Zeitweilig sah die „Wildnis“ sogar richtig schön aus, und die Kräuter blühten bis weit in den Herbst hinein. Wir haben nicht gemäht, damit die Pflanzen Samen bilden. Hier geht es ja nicht um Ästhetik, sondern um Artenvielfalt. Im zweiten Jahr soll es auch schon ansprechender aussehen, lehren die Erfahrungen in anderen Gemeinden.


Warum ist es so wichtig, die Artenvielfalt zu erhalten?

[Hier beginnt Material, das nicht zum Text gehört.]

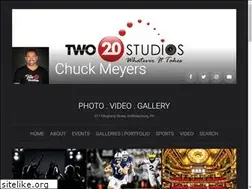 Sites similar to twotwentystudios.com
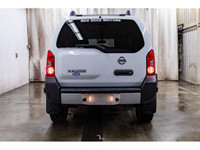 **ONE OWNER - ACCIDENT FREE** 97,482 KM This 2015 Nissan Xterra 4x4 X is powered by a 4.0L engine th... (image 7)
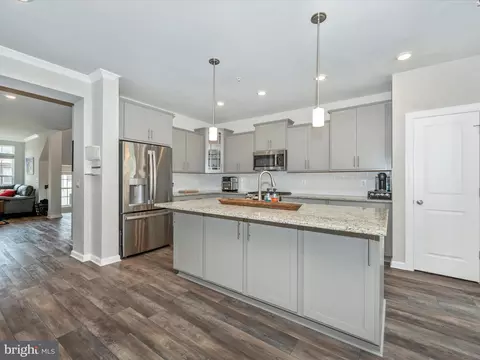 Kitchen - 5931 Krantz Dr, Frederick, MD 21703 photo 3 of 6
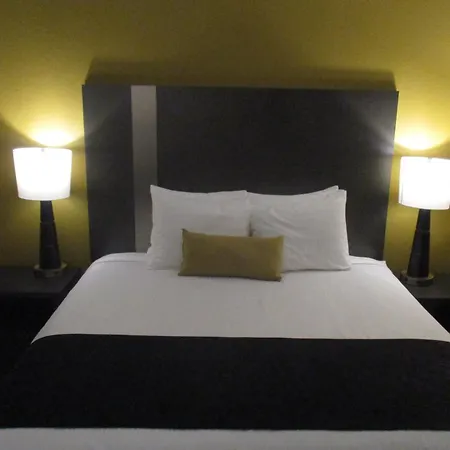 Best Western Plus Lampasas Inn & Suites-3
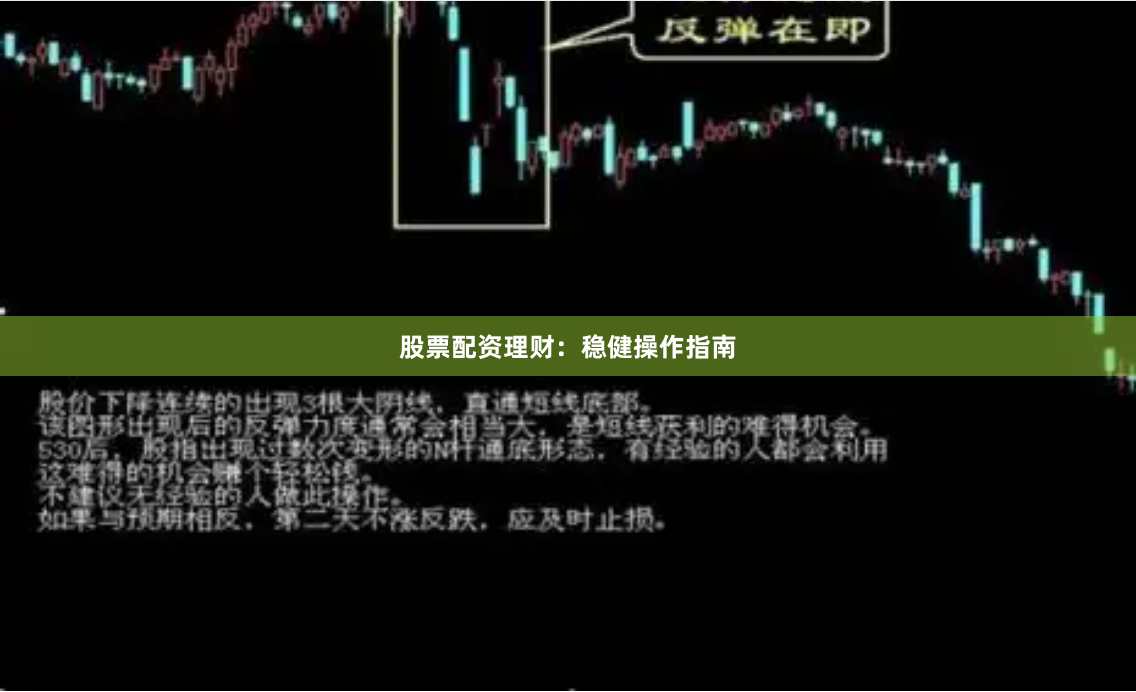 股票配资理财：稳健操作指南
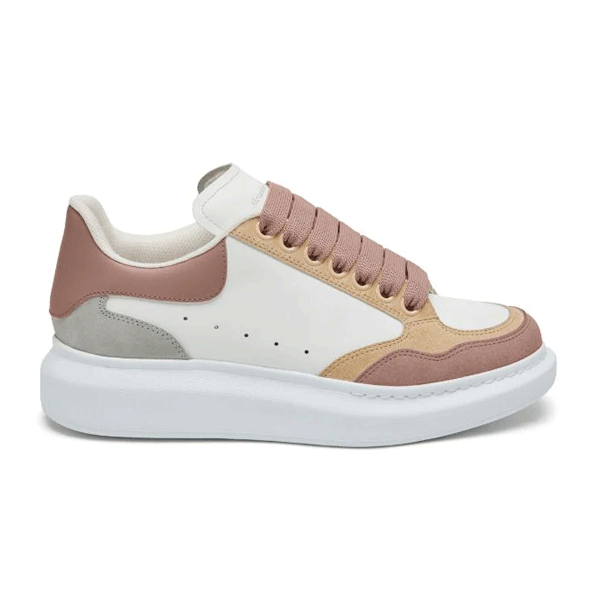 ALEXANDER MCQUEEN OVERSIZED SNEAKER - ALD038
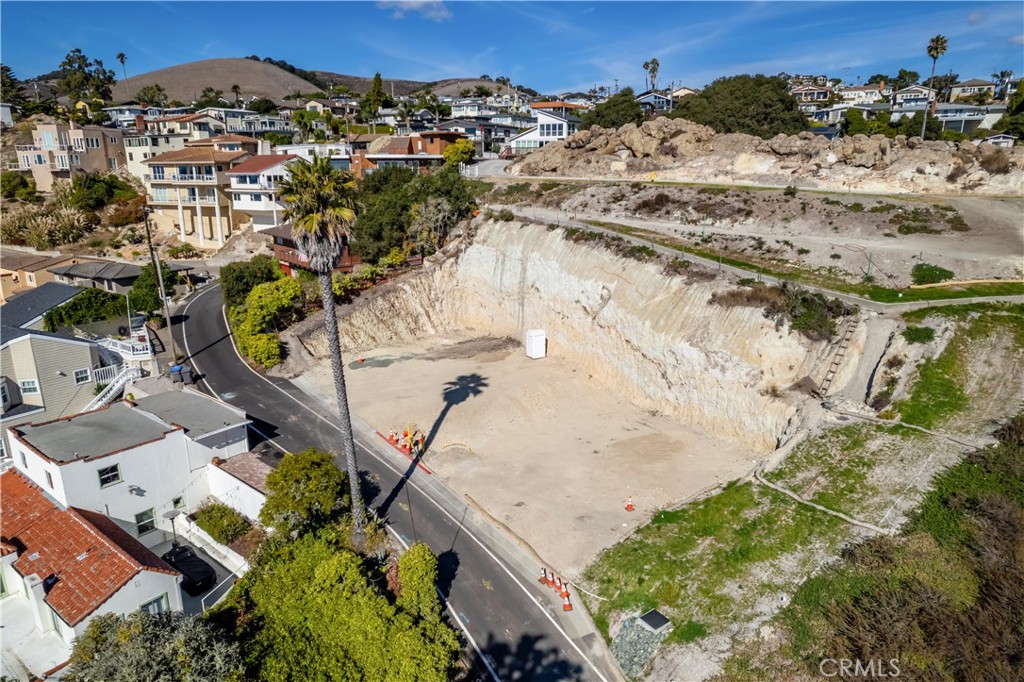0 Hanford, Pismo Beach, CA 93449
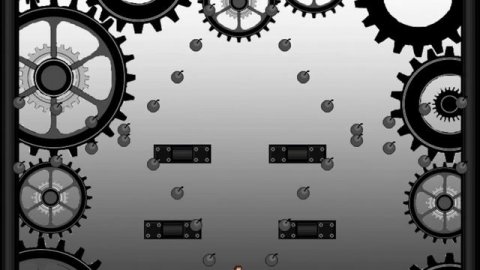 I wanna avoid the anxious - Hacking to the Gate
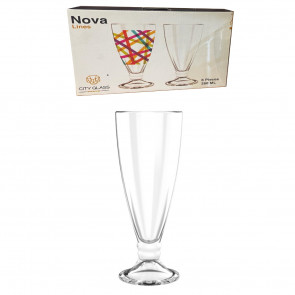 Nova Lines 260мл 6шт Helios 3Т300302-2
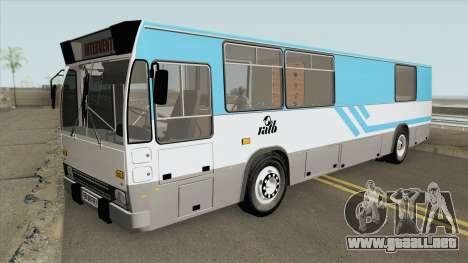 DAC 112 UDM (Interventii RATB) para GTA San Andreas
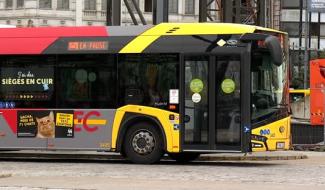 Le TEC lance 9 nouvelles Express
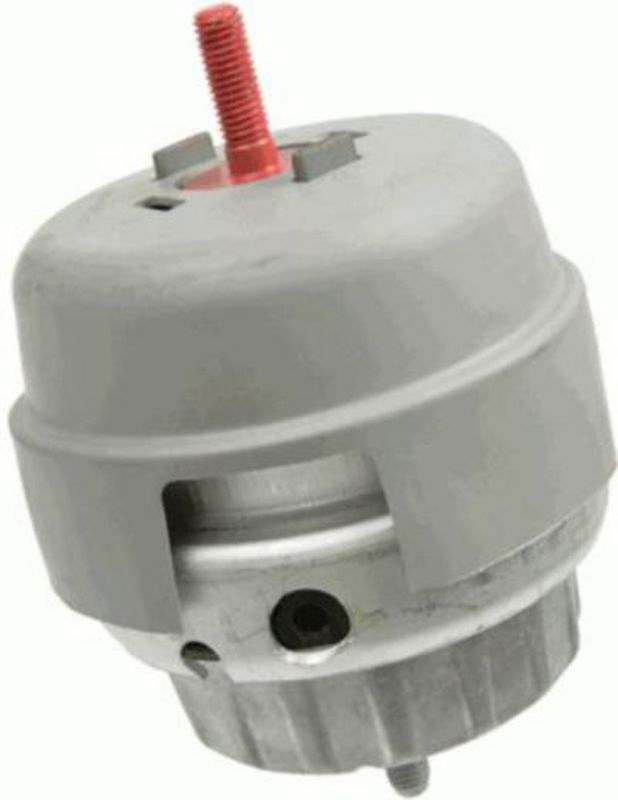 Lemforder Mounting Engine Right For Audi 3623201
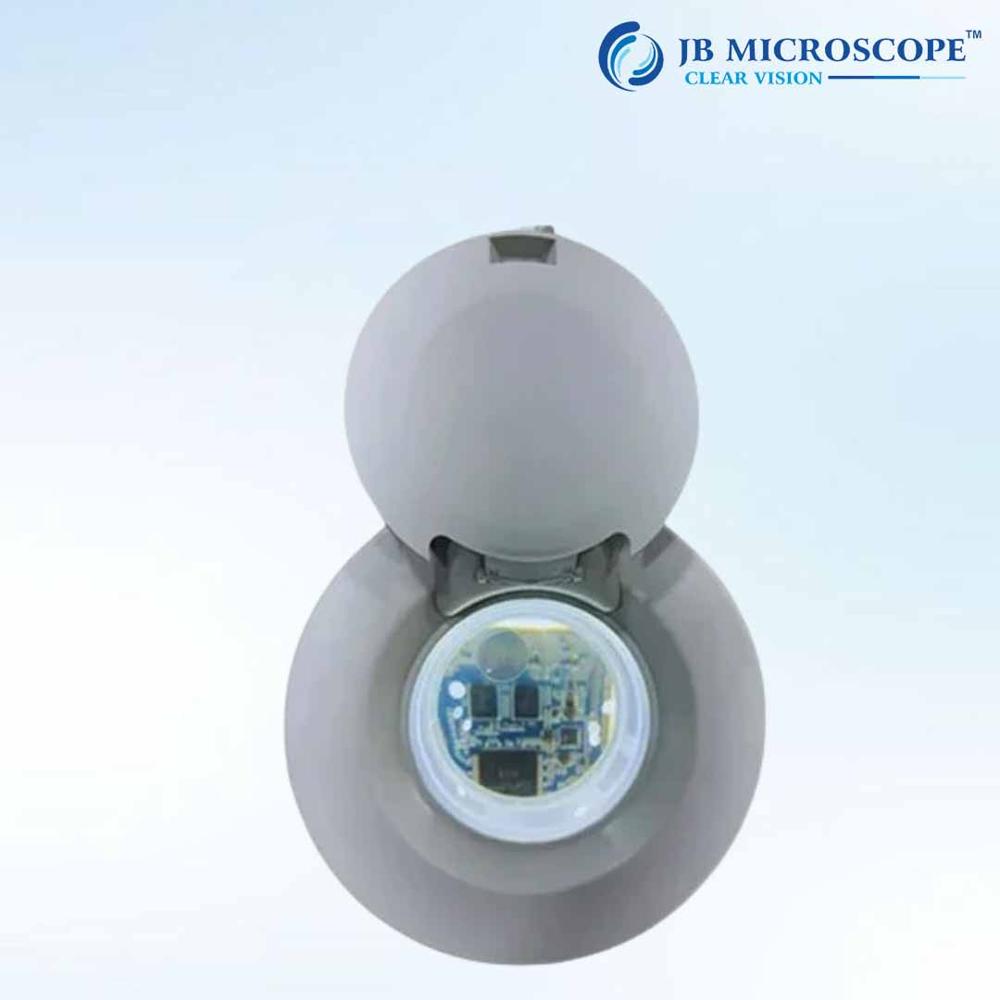 Inspection LED Magnifier Lamp JBM-20X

Jedes Lebewesen verfügt über eine einzigartige Ausstattung mit Genen. Die Gesamtheit der Erbinformationen („Gen-pool“) sicherte die Entwicklung und Erhaltung des Lebens auf der Erde.

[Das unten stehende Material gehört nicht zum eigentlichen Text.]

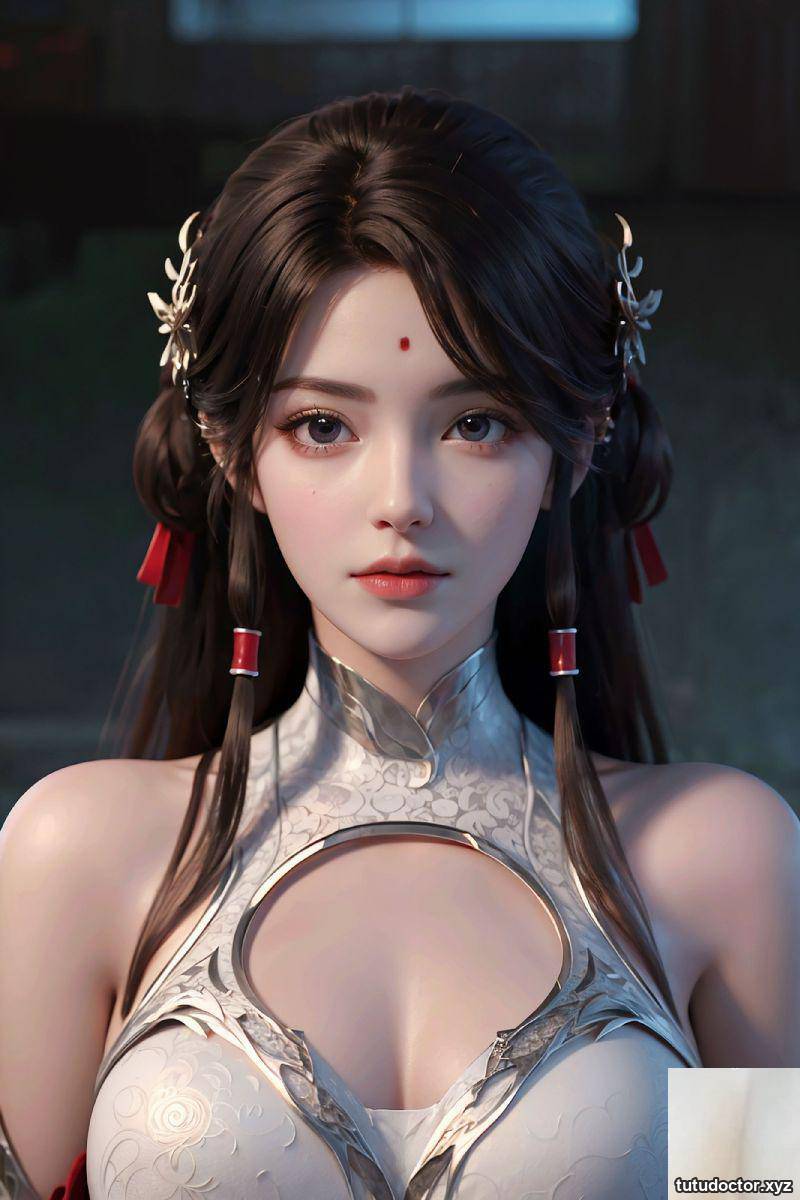 HuoLingEr Huo Ling’er_extra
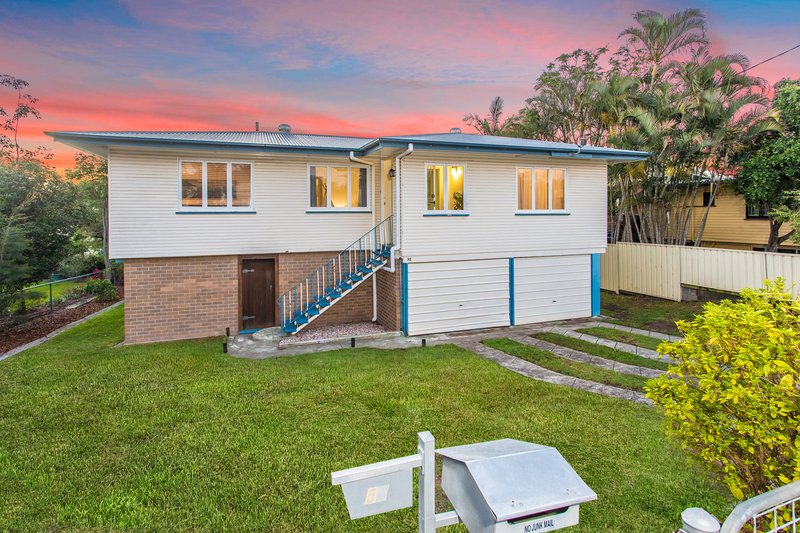 50 Swanwick Street, Zillmere QLD 4034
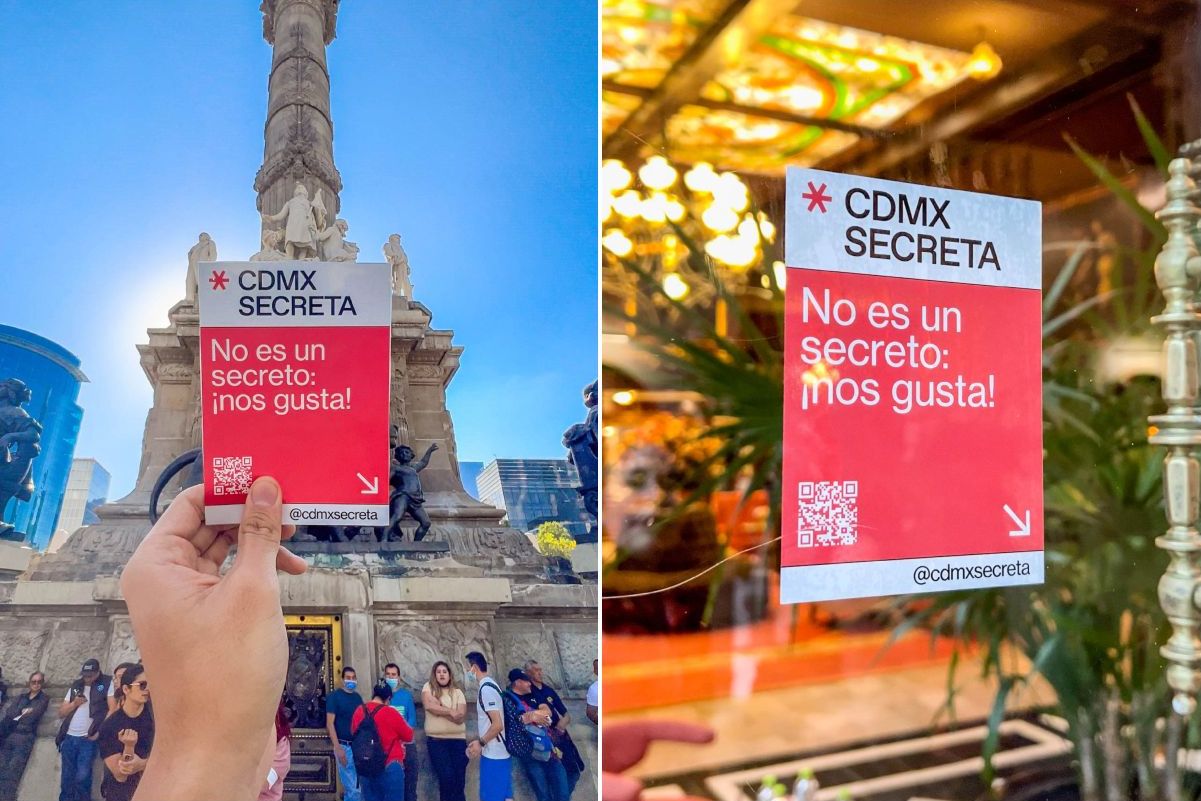 Guía calada y garantizada de los mejores lugares en CDMX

In der Natur haben sich über die Jahrmillionen Gleichgewichte eingespielt, die eine Stabilität, aber auch Flexibilität bewirkten. Gab es z.B. Naturkatastrophen, die Massen von Lebewesen vernichteten, so gab es auch einzelne Mutationen, die das Überleben gerade ermöglichten und so den Fortbestand des Lebens gewährleisteten.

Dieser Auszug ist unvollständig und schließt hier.